Time, Frequency, and the DFT
Sound Is Frequencies
Most sounds have high periodicity
Fourier’s Theorem (FOO-ree-YAY or thereabouts) says that an infinitely repeating sound can be represented as a sum of sinusoids
The ear hears/decomposes a sum of sinusoids
Yet PCM is a sequence of samples over time: frequency is not represented
- The Nyquist Limit is hard to think of as a signal change over time thing
Time and Frequency
We have: a continuous waveform, a function f(t) representing sound pressure
We want: a continuous spectrum, showing the amplitude and phase of sine waves at every frequency f̂(ω)
Wait, amplitude and phase from a single function?
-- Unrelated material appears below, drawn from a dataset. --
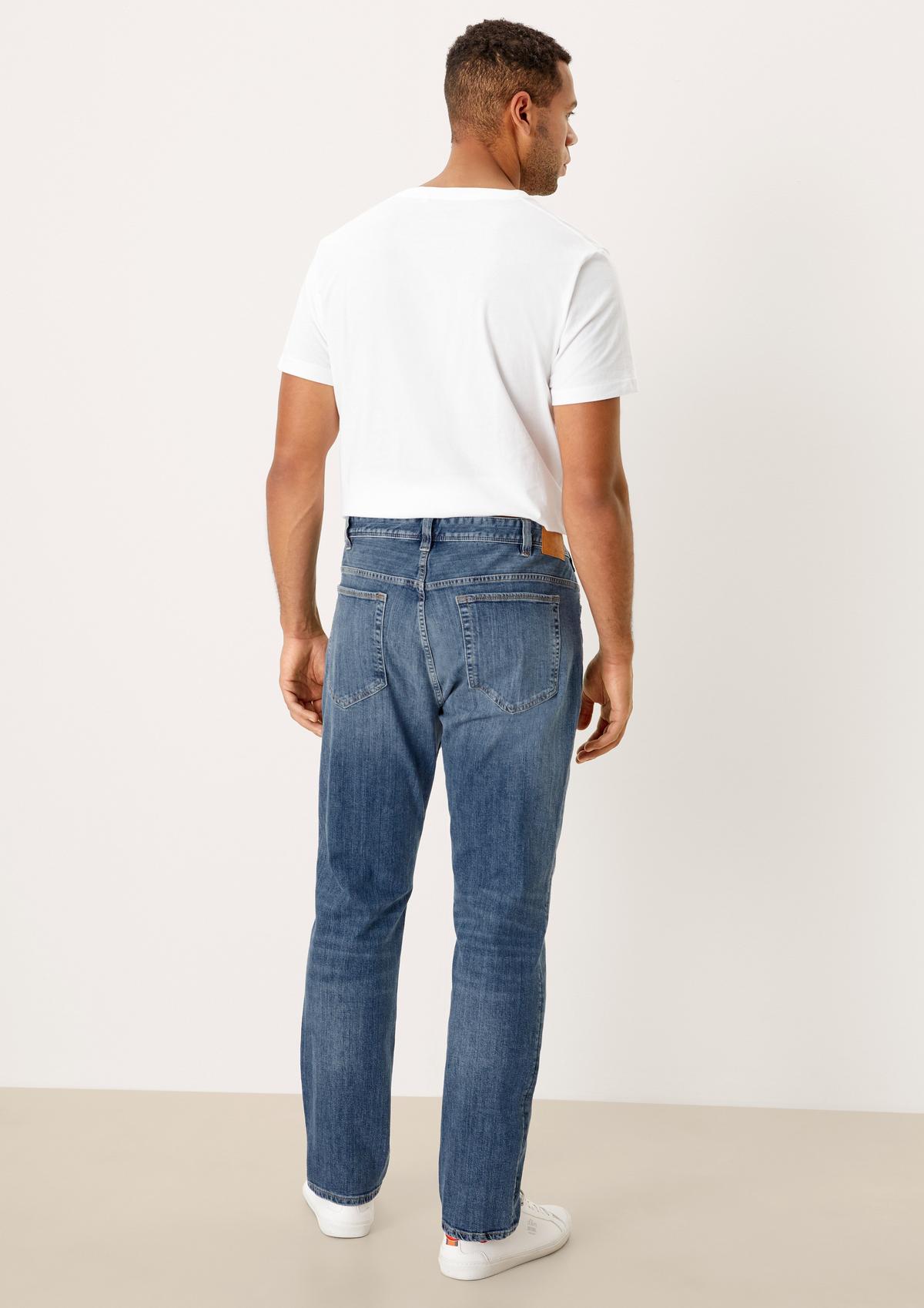 s.Oliver Relaxed: jeans in a five-pocket design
Yes, representing a frequency as a complex number with the usual geometric interpretation
\[ f = a + b i, |f| = \sqrt{a^2 - b^2}, \theta(f) = tan^{-1}(a, b) \]
Note: you will see both i and j for \(\sqrt{-1}\) in different contexts
Note: we freely mix between angular frequency \(\omega\) and “normal” frequency f (dammit) using
\[ \omega = 2 \pi f \]
because once around the circle is one cycle
The Euler Formula
Euler’s Formula says complex exponential is a sinusoid:
\[ e^{i (\omega t + \theta)} = cos(\omega t + \theta) + i~sin(\omega t + \theta) \]
\[ = e^{i \omega t} e^{i \theta} \]
Starting point for “phasor analysis”
Now our sum of sinusoids can be represented as a sum of exponentials, making things easier (?)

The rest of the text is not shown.